[Ocfs2-tools-devel] [PATCH 1/2 v4] fsck: supporting fixing inode alloc group desc
piaojun
piaojun at huawei.com
Fri Feb 23 00:43:16 PST 2018
Hi Eric,
On 2018/2/23 16:38, Eric Ren wrote:
> Hi,
>
> On 02/14/2018 11:38 AM, piaojun wrote:
>> When inode_alloc's gd is corrupted, we may reinitialize it and then set
>> its bitmap by iterating all files of root dir.
>>
>> How to make corrupted gd?
>> 1. Find the gd blkno of inode_alloc with debugfs.ocfs2:
>> # debugfs.ocfs2 -R "stat //inode_alloc:0000" /dev/mapper/xxxx
>> ...
>> ## Block# Total Used Free Contig Size
>> 0 167424 1024 3 1021 1021 4032
>> 2. clear the gd with 'dd' command:
>> # dd if=/dev/zero of=/dev/mapper/xxxx bs=4k count=1 seek=167424
>> oflag=direct
>>
>> How to fix corrupted gd?
>> 1. Identify the corrupted gd by generation and magic.
>> 2. Initialize the corrupted gd with ocfs2_init_group_desc().

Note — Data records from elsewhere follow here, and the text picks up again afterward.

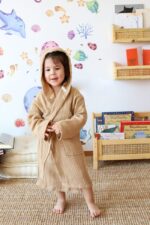 birlik1952 bebek müslin muslinçocuk bornozu 4 kat gauze layer baby child robe bathrobe turkey whosale latte brown kahverengi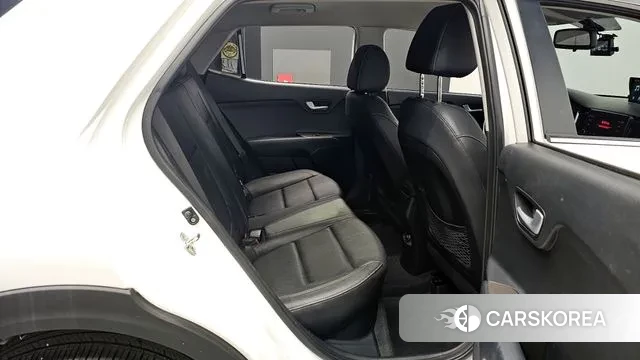 Kia Stonic 2019 Белый из Кореи, фото 3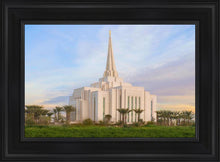 Load image into Gallery viewer, Gilbert 02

>> 3. Iterate all files in root dir, and set inode_alloc's bitmap by inode
>> blknum.
>> 4. Write back the good gd to disk.
>>
>> Currently we could only fix the situation that there is one gd in each
>> chain, because we can hardly rebuild the gd far from chain header. The
>> key problem is that we can not trust gd anymore as they have been
>> corrupted. So we must relay on the ocfs2_chain_list struct to restore
>> all gds.
>>
>> Signed-off-by: Jun Piao <piaojun at huawei.com>
>> ---
>> fsck.ocfs2/pass0.c | 182 +++++++++++++++++++++++++++++++++++++++++++++++++++++
>> 1 file changed, 182 insertions(+)
>>
>> diff --git a/fsck.ocfs2/pass0.c b/fsck.ocfs2/pass0.c
>> index bfd11fb..25cb779 100644
>> --- a/fsck.ocfs2/pass0.c
>> +++ b/fsck.ocfs2/pass0.c
>> @@ -1308,6 +1308,184 @@ static errcode_t verify_bitmap_descs(o2fsck_state *ost,
>> return ret;
>> }
>>
>> +struct walk_path {
>> + const char *argv0;
>> + char *path;
>> + ocfs2_filesys *fs;
>> + struct ocfs2_group_desc *bgs;
>> + int corrupted_bgs;
>> +};
>> +
>> +static int set_bitmap_func(struct ocfs2_dir_entry *dentry,
>> + uint64_t blocknr,
>> + int offset,
>> + int blocksize,
>> + char *buf,
>> + void *priv_data)
>> +{
>> + struct walk_path *wp = priv_data;
>> + struct ocfs2_group_desc *bg;
>> + __le64 inode = dentry->inode;
>> + __le64 bg_blkno;
>> + errcode_t ret;
>> + int len;
>> + int reti = 0;
>> + int i = 0;
>> + char *old_path, *path = NULL;
>> +
>> + if (!strncmp(dentry->name, ".", dentry->name_len) ||
>> + !strncmp(dentry->name, "..", dentry->name_len))
>> + return 0;
>> +
>> + ret = ocfs2_malloc0(PATH_MAX, &path);
>> + if (ret) {
>> + com_err(wp->argv0, ret,
>> + "while allocating path memory in %s\n", wp->path);
>> + return OCFS2_DIRENT_ABORT;
>> + }
>> +
>> + len = strlen(wp->path);
>> + memcpy(path, wp->path, len);
>> + memcpy(path + len, dentry->name, dentry->name_len);
>> + if (dentry->file_type == OCFS2_FT_DIR)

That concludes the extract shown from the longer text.